Supplied material
+-------+

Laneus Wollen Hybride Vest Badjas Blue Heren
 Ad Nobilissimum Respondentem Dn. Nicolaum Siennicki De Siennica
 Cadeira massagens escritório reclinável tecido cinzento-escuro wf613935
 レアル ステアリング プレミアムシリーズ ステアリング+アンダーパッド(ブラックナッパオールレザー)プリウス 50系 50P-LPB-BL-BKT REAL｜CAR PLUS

+-------+

Task statement
With the line that contains "Cadeira massagens escritório" as the starting point, output each line exactly through the end of the listing above.

Output for this exercise
 Cadeira massagens escritório reclinável tecido cinzento-escuro wf613935
 レアル ステアリング プレミアムシリーズ ステアリング+アンダーパッド(ブラックナッパオールレザー)プリウス 50系 50P-LPB-BL-BKT REAL｜CAR PLUS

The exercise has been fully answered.